Lockdown means that the usual count of the resident goose population has not happened, with an outline estimate of a resident greylag goose population around 5,000 birds.
The target is to reduce the population to between 1,250 and 1,550 birds, although Nature Scotland, who licence and manage the scheme, are realistic about activity and outcomes in a second unusually restricted year.
Nature Scotland’s Stornoway officer Roddy MacMinn said: “Geese in Lewis and Harris are largely residential, unlike the migratory populations which tend to come down from Iceland to Orkney and Caithness.
“The numbers of our geese have increased over the last few decades, for a number of reasons including milder winters, better food sources on improved grassland and less active shooting and crofting activity.”
In response, Nature Scotland licenses a shooting season each year where 11 team leaders work across Lewis and Harris, with a number of volunteers in each of their teams.
Each team is set a ‘bag limit’ and can then work through the season, with Carloway Estate Trust managing the permissions and notifications needed to landowners, grazings committees and crofters.
Hunters are encouraged to distribute or sell the meat on for human consumption, with a lot of the produce given away within the communities where the birds are shot.

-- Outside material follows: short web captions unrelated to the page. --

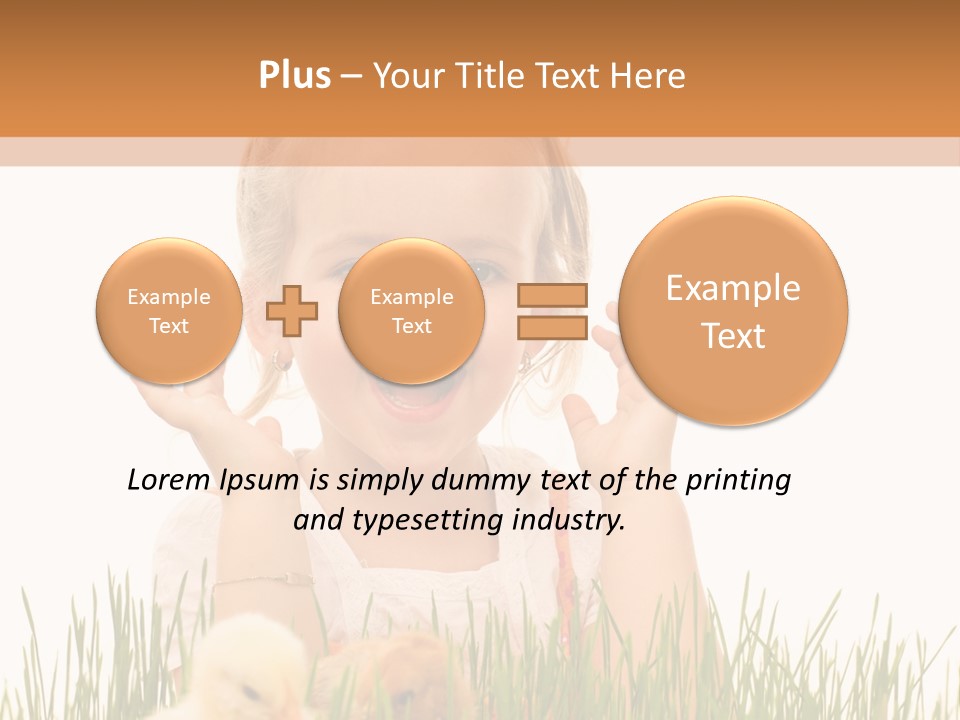 Nature Look Surprise PowerPoint Template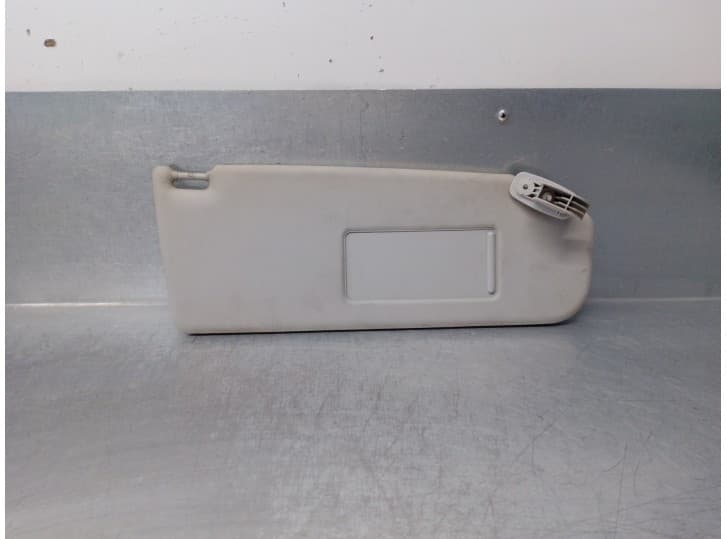 Recambio de parasol derecho para seat altea (5p1) 1.9 tdi referencia OEM IAM 6Q0857552ER 4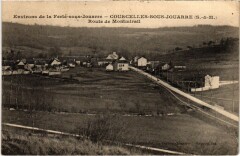 Courcelles Route de Montmirail -
													77 Seine et Marne
												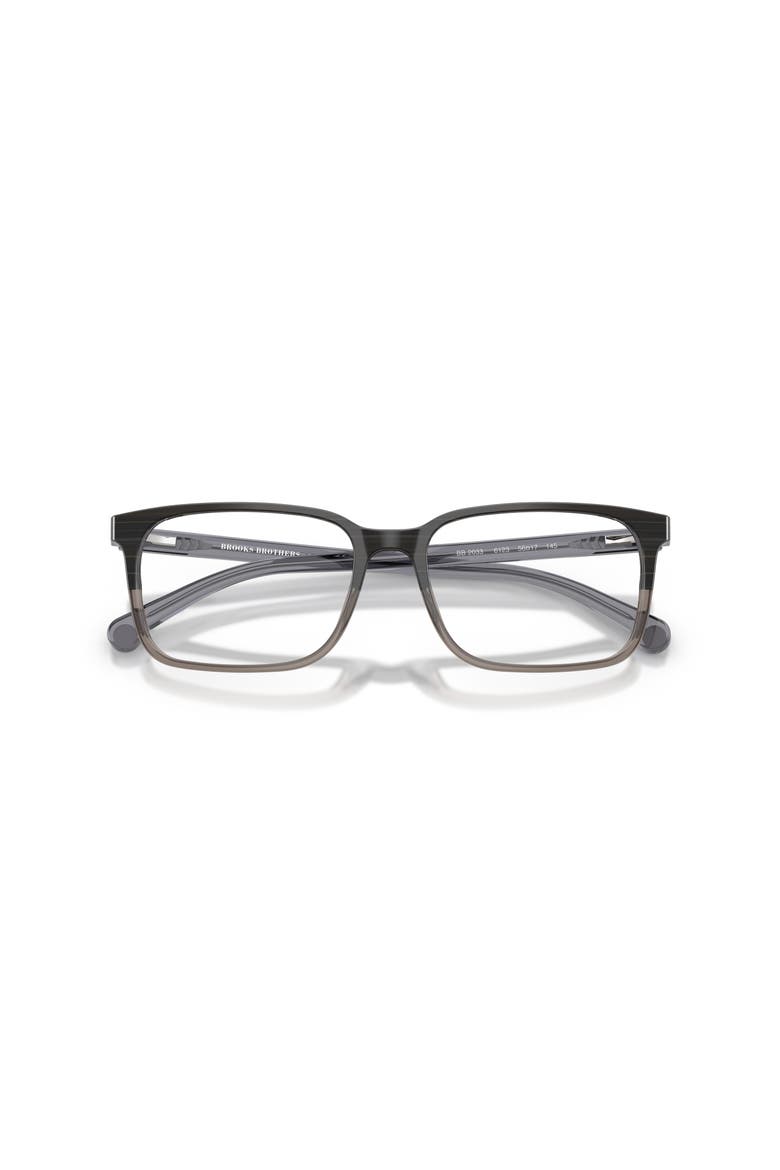 54mm Rectangle optical glasses, Alternate, color, Grey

Roddy said: “We would like to encourage more people to take up the idea of using the meat as a meal or for food production.
“To facilitate that, we have put a number of hunters through food hygiene training so that the meat is presented in a manner safe for putting on tables and we have secured a general license covering the islands and allowing everyone to sell or give away goose meat.”
Volunteer hunters are also encouraged to come forward and participate in the cull, with all volunteers issued with a card certifying that they are entitled to shoot as part of the project.
They are also supplied with ammunition to help keep their costs down, but must have their own gun, firearms certificate, insurance and means of reaching permissioned shooting areas. Local police are also aware that the shooting is taking place.